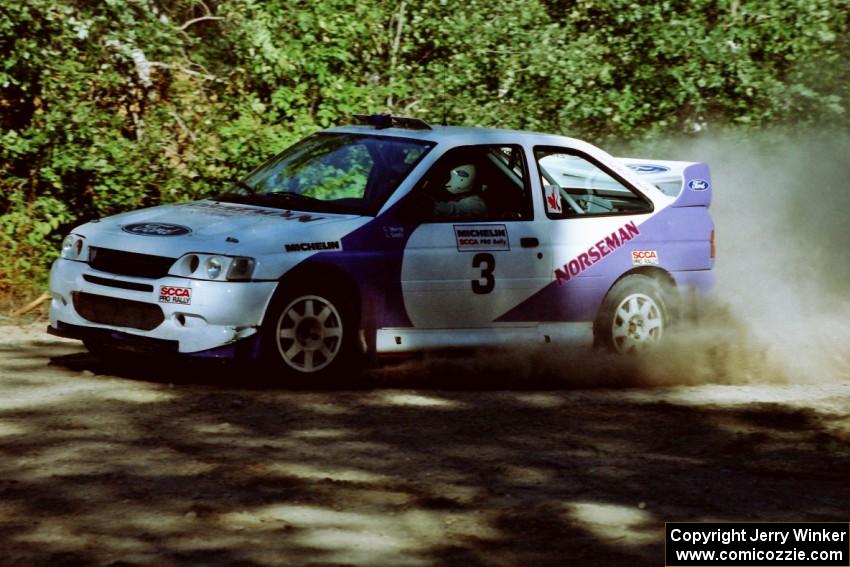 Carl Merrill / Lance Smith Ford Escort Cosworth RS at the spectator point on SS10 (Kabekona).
- - -
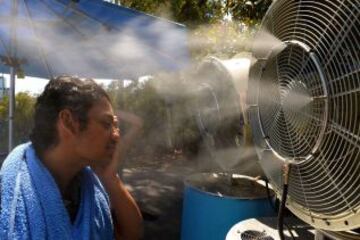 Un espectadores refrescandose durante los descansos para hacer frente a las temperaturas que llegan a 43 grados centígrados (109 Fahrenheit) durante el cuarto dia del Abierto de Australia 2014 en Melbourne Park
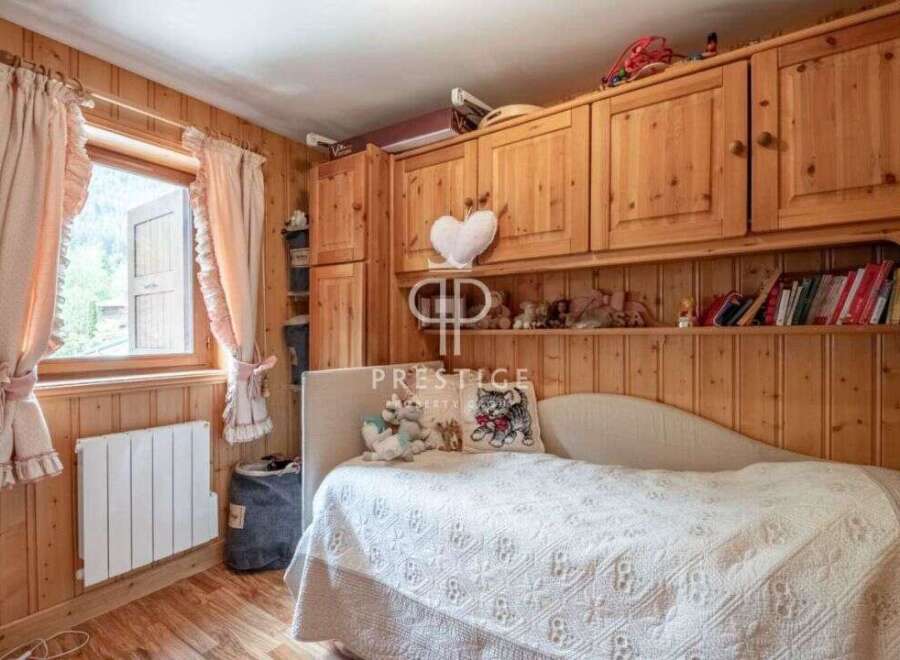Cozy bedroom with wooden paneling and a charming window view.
- - -
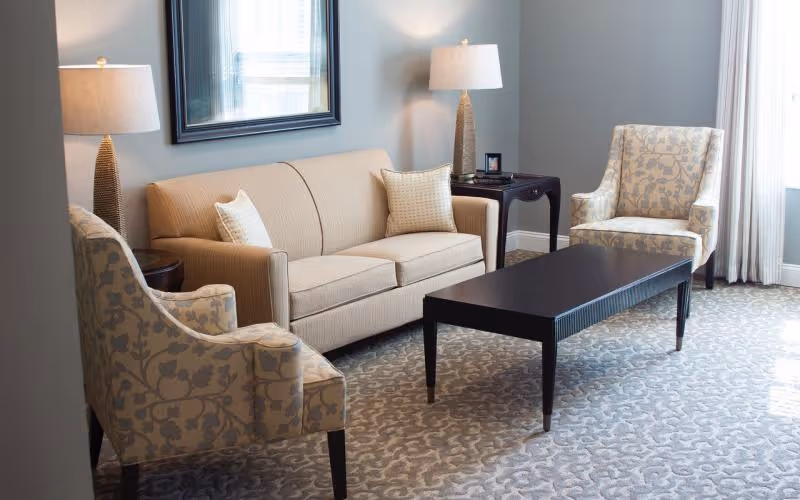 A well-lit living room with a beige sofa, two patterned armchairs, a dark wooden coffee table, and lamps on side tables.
- - -
- BRIEF: What is wanted is an exact copy of the lines above from the one containing "Un espectadores refrescandose" through the one containing "Cozy bedroom with", with no pictures in it.

- ANSWER TO THIS TASK:
 Un espectadores refrescandose durante los descansos para hacer frente a las temperaturas que llegan a 43 grados centígrados (109 Fahrenheit) durante el cuarto dia del Abierto de Australia 2014 en Melbourne Park
Cozy bedroom with wooden paneling and a charming window view.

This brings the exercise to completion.